Monday, November 19, 2012

Politics (Ghana)


The formal incorporation of (Gold Coast) Ghana into the British Empire occurred after the 1902 battle in which the Asante Empire was thorougly defeated and its royalty banished into exile first in Sierra Leone and later to teh Sechyelles. However, even prior to this defeat, there were diverse social and political movements that agitated for some sort of social, economic and political rights. Among these were the association of states which came to be known as the Fante Confederacy and the Aborrigines Rights Protection Society. Real struggles for political freedome started in the late 1940s when the United Coast Convention (UGCC) formed by some of the established educated elite. The Secretary-General of the party, Kwame Nkrumah, who had horned his political skills in the United Kingdom during the 1945 Pan African Congress in Machester formed a more radical socialist oriented party called the Convention People’s Party (CPP).
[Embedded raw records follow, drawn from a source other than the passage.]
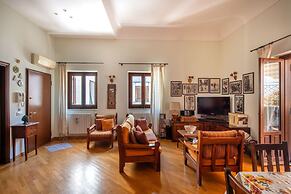 Casa Giacomo con Terrazza by Wonderful Italy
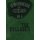 Verbivoracious Festschrift Volume Three - The Syllabus (Paperback): G. N. Forester, M. J. Nicholls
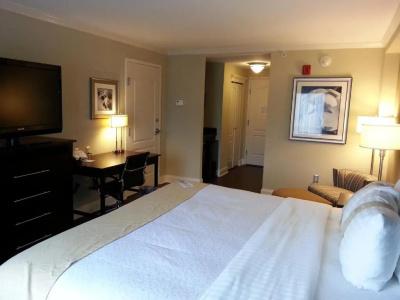 Holiday Inn North, An Ihg - 54
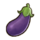Eggplant.png
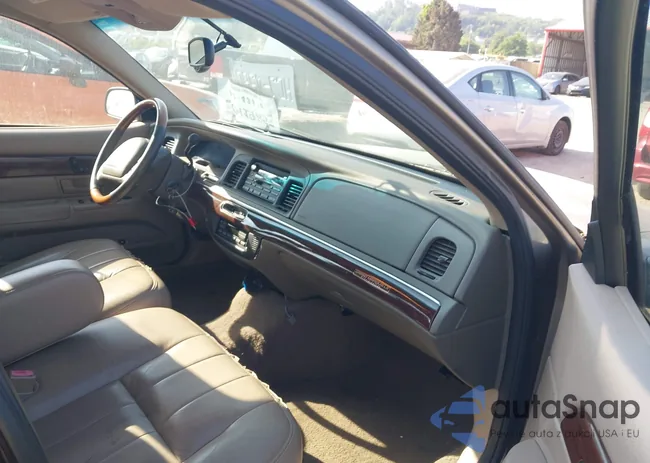 2MEFM75W73X639873: 42574881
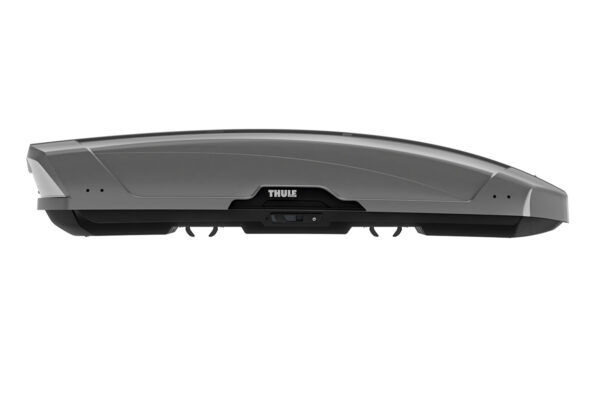  Thule Motion XT XXL Titan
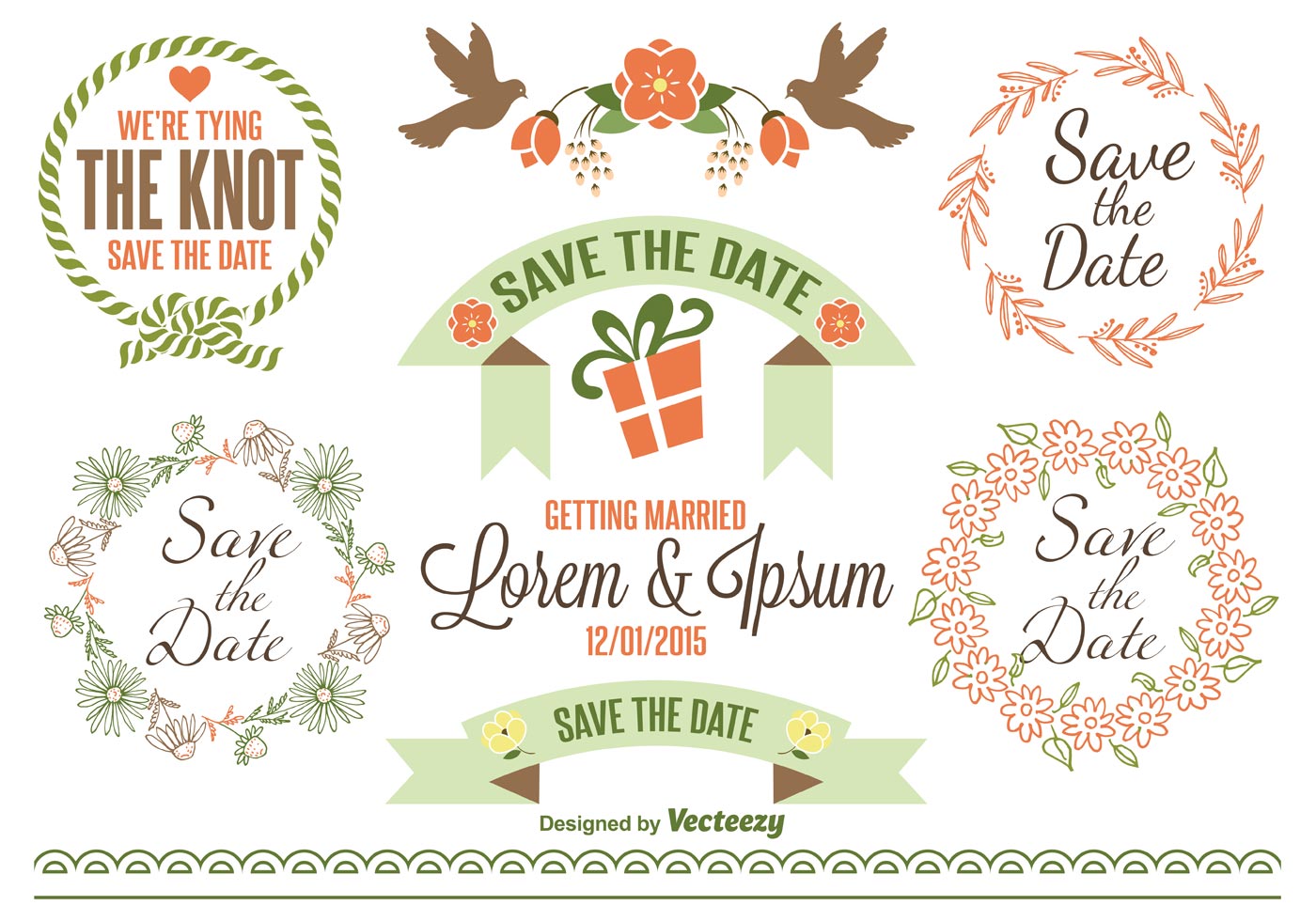 1400x980 Save The Date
As a result of this formation, an inchoate two-party system developed in Ghanaian politics which is still apparent in Ghanain politics. Several referenda were held in which the CPP under Nkrumah’s leadership consistently won. Finally, in 1951 the country was granted self rule under which the CPP administration could rule with the exception of the Finance, Defence and Foreign Ministries. Further agitation led to the declaration of independence on 6 March 1957 with Kwame Nkrumah as Prime Minister and the Queen of England as the ceremonial Head of State.